Setting up the defaults:

knitr::opts_chunk$set(echo = TRUE, results = "asis")

setInternet2(TRUE)

Question 1

The American Community Survey distributes downloadable data about United States communities. Download the 2006 microdata survey about housing for the state of Idaho using download.file() from here:

https://d396qusza40orc.cloudfront.net/getdata%2Fdata%2Fss06hid.csv

and load the data into R. The code book, describing the variable names is here:

https://d396qusza40orc.cloudfront.net/getdata%2Fdata%2FPUMSDataDict06.pdf

Create a logical vector that identifies the households on greater than 10 acres who sold more than $10,000 worth of agriculture products. Assign that logical vector to the variable agricultureLogical. Apply the which() function like this to identify the rows of the data frame where the logical vector is TRUE. which(agricultureLogical) What are the first 3 values that result?

Answer:

library(jpeg)
library(data.table)

## Warning: package 'data.table' was built under R version 3.2.4

library(dplyr)

## 
## Attaching package: 'dplyr'

## The following objects are masked from 'package:data.table':
## 
##     between, last

## The following objects are masked from 'package:stats':
## 
##     filter, lag

## The following objects are masked from 'package:base':
## 
##     intersect, setdiff, setequal, union

library(Hmisc)

## Warning: package 'Hmisc' was built under R version 3.2.4

## Loading required package: lattice

## Loading required package: survival

## Loading required package: Formula

## Loading required package: ggplot2

## Warning: package 'ggplot2' was built under R version 3.2.4

## 
## Attaching package: 'Hmisc'

## The following objects are masked from 'package:dplyr':
## 
##     combine, src, summarize

## The following objects are masked from 'package:base':
## 
##     format.pval, round.POSIXt, trunc.POSIXt, units

#fileurl1 = 'https://d396qusza40orc.cloudfront.net/getdata%2Fdata%2Fss06hid.csv'
#dst1 = 'q1.csv'
#download.file(fileurl1, dst1, method = 'curl')
data1 = read.csv("ss06hid.csv")
agricultureLogical = data1$ACR == 3 & data1$AGS == 6
head(which(agricultureLogical), 3)

[1] 125 238 262

Question 2

Using the jpeg package read in the following picture of your instructor into R

https://d396qusza40orc.cloudfront.net/getdata%2Fjeff.jpg

Use the parameter native=TRUE. What are the 30th and 80th quantiles of the resulting data? (some Linux systems may produce an answer 638 different for the 30th quantile)

Answer:

fileurl2 = 'https://d396qusza40orc.cloudfront.net/getdata%2Fjeff.jpg'
dst2 = 'getdata-jeff.jpg'
download.file(fileurl2, dst2, mode = 'wb', method = 'curl')

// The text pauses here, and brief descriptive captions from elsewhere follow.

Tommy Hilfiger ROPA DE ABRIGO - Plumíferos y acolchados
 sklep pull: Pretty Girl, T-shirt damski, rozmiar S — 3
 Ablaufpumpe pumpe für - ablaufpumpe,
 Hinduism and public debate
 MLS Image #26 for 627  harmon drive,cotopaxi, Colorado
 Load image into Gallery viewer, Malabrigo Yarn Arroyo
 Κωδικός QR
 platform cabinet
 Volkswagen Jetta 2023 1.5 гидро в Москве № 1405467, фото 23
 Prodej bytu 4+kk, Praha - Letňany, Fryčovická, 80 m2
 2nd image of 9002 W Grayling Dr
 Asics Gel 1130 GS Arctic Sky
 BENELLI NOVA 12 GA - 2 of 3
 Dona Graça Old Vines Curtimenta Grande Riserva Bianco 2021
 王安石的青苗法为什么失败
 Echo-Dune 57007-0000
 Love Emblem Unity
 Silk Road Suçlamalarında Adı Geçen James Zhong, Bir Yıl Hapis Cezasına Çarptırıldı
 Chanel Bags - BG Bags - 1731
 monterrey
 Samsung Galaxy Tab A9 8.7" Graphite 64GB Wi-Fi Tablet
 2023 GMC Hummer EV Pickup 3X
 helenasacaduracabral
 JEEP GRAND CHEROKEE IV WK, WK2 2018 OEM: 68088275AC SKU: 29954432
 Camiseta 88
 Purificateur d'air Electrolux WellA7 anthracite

## Warning: running command 'curl "https://d396qusza40orc.cloudfront.net/
## getdata%2Fjeff.jpg" -o "getdata-jeff.jpg"' had status 127

## Warning in download.file(fileurl2, dst2, mode = "wb", method = "curl"):
## download had nonzero exit status

data2 = readJPEG(dst2, native = TRUE)
quantile(data2, probs = c(0.3, 0.8))

  30%       80%

-15259150 -10575416

Question 3

Load the Gross Domestic Product data for the 190 ranked countries in this data set:

https://d396qusza40orc.cloudfront.net/getdata%2Fdata%2FGDP.csv

Load the educational data from this data set:

https://d396qusza40orc.cloudfront.net/getdata%2Fdata%2FEDSTATS_Country.csv

Match the data based on the country shortcode. How many of the IDs match? Sort the data frame in descending order by GDP rank (so United States is last). What is the 13th country in the resulting data frame?

Original data sources:

http://data.worldbank.org/data-catalog/GDP-ranking-table http://data.worldbank.org/data-catalog/ed-stats

fileurl3a = 'https://d396qusza40orc.cloudfront.net/getdata%2Fdata%2FGDP.csv'
dst3a = 'getdata-data-GDP.csv'
fileurl3b = 'https://d396qusza40orc.cloudfront.net/getdata%2Fdata%2FEDSTATS_Country.csv'
dst3b = 'getdata-data-EDSTATS_Country.csv'
download.file(fileurl3a, dst3a, method = 'curl')

## Warning: running command 'curl "https://d396qusza40orc.cloudfront.net/
## getdata%2Fdata%2FGDP.csv" -o "getdata-data-GDP.csv"' had status 127

## Warning in download.file(fileurl3a, dst3a, method = "curl"): download had
## nonzero exit status

download.file(fileurl3b, dst3b, method = 'curl')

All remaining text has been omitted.